Qu'espèrent-ils de la Caisse? «On veut qu'elle fasse pression -- tout comme le gouvernement -- pour que Vidéotron revienne à la table des négociations à partir d'autres hypothèses que celle de couper 650 postes de techniciens. [...] En tant qu'actionnaire, la Caisse doit parler aux dirigeants de Vidéotron et leur dire qu'il y a des choses qui ne se font pas», tranche Pierre Dupuis.


Cela risque d'être compliqué puisque la transaction entre Vidéotron et Entourage Solutions technologiques a été officiellement complétée le 14 mai dernier. Le géant de la câblodistribution a ainsi vendu son service technique de réparation et d'entretien et les 646 techniciens qui y étaient affectés. «On vient de conclure la vente. Les [...] employés touchés ne sont plus à notre emploi, ni légalement ni techniquement», avait alors fait savoir le vice-président exécutif de Quebecor, Luc Lavoie.


Mercredi, Vidéotron a fait état de trois «actes de vandalisme majeurs» sur son réseau. Hier, l'entreprise a révélé que des policiers de Montréal et de Laval ont effectué deux perquisitions dans des locaux des employés et découvert «un système servant à encombrer systématiquement les centres d'appels de Vidéotron».


Selon la compagnie, les syndiqués seraient responsables d'entre 30 et 35 % de faux appels (soit entre 6000 et 8000 coups de fil au service à la clientèle). Les policiers ont saisi 11 appareils téléphoniques. La compagnie a d'ailleurs annoncé hier le congédiement de quatre employés pour avoir commis des actes de vandalisme.

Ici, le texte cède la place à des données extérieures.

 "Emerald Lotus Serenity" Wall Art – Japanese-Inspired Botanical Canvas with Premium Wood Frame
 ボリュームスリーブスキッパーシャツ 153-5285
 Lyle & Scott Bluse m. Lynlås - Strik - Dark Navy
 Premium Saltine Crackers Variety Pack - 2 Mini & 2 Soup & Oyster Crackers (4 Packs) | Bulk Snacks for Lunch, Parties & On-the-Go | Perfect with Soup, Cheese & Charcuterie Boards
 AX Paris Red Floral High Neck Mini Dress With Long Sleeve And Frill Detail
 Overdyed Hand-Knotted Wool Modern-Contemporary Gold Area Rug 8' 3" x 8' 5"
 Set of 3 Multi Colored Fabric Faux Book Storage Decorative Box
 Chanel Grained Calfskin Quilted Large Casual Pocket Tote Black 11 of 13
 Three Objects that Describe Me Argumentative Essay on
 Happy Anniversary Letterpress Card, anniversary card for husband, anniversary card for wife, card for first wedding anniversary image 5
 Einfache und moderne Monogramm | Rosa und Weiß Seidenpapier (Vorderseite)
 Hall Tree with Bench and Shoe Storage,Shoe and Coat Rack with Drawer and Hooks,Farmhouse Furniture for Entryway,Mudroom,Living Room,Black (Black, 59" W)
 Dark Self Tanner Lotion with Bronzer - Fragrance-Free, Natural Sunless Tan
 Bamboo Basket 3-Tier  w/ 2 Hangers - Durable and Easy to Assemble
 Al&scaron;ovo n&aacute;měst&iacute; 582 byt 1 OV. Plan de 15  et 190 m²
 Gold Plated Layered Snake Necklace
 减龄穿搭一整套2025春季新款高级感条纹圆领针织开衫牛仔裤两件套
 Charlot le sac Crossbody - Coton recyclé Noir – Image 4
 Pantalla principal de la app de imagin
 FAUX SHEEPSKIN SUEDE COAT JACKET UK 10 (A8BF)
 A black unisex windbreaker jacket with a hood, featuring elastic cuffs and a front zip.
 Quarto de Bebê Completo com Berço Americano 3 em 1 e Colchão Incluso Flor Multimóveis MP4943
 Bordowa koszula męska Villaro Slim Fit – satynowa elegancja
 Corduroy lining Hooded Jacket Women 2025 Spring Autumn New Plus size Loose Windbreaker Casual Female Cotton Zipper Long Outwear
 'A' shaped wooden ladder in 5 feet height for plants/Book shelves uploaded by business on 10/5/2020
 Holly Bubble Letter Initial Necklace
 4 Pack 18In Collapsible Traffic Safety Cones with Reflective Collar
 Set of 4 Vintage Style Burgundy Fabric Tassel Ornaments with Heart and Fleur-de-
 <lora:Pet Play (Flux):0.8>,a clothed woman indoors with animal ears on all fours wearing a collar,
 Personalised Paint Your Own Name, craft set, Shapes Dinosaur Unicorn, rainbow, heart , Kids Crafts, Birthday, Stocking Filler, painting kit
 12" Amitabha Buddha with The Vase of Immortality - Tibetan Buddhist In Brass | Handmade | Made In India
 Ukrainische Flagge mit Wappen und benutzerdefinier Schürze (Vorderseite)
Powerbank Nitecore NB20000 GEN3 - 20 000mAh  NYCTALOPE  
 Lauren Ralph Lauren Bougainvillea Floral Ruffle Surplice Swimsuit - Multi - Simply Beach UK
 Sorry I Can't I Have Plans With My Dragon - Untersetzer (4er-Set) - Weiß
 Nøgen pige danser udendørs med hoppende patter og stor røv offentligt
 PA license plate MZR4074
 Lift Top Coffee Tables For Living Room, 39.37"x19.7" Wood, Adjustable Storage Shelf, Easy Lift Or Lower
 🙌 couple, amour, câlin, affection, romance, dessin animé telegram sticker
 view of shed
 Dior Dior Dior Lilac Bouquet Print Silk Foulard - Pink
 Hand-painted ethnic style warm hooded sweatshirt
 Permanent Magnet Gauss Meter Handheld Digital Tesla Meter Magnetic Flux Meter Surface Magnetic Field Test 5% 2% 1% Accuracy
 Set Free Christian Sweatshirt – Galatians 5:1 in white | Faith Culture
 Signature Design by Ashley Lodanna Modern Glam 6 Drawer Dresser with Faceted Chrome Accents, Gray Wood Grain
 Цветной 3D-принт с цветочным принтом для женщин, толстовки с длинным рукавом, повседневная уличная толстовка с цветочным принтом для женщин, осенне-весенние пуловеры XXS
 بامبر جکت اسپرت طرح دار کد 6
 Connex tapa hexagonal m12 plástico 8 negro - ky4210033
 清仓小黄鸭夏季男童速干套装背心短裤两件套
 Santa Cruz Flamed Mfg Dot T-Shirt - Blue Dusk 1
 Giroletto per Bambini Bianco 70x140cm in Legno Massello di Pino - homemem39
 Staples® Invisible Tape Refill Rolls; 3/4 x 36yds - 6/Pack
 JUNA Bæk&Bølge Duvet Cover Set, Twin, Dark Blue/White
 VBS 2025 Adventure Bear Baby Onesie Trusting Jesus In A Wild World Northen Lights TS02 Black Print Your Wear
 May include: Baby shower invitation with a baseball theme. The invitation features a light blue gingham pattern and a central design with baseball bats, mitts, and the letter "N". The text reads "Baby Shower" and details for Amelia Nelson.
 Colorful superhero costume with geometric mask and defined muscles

Visiblement frustrés, les représentants syndicaux ont nié en bloc toute implication dans des gestes de vandalisme ou de sabotage à l'endroit de Vidéotron. Ils ont accusé la compagnie de manipuler les médias et l'opinion publique. «Demandez-vous combien de scabs répondent au téléphone et si 11 téléphones peuvent paralyser les lignes alors que 400 scabs répondent aux appels, a lancé le conseiller syndical Michel Parenteau. Cette histoire est un coup monté de Vidéotron.»





Manifestation


La conférence de presse a été suivie d'une manifestation sur le coup de midi devant le siège social de la CDP, situé avenue McGill College. Des centaines de syndiqués ont alors fait entendre sifflets, trompettes, sirènes, cris et tambours. On pouvait lire sur une pancarte: «C'est PKP qui s'est mis dans le Vidéotrou, pas nous.»


«Vidéotron fait bien du boucan, mais notre conflit touche tous les travailleurs. On ne peut pas vendre des êtres humains comme du bétail. On doit continuer», affirme Diane, une employée de Vidéotron présente à la manifestation. «Quand tout le monde va travailler à 8 $ l'heure comme on paye les sous-traitants, qui va pouvoir se payer le câble et le service Internet?», se demande sa collègue Sylvie.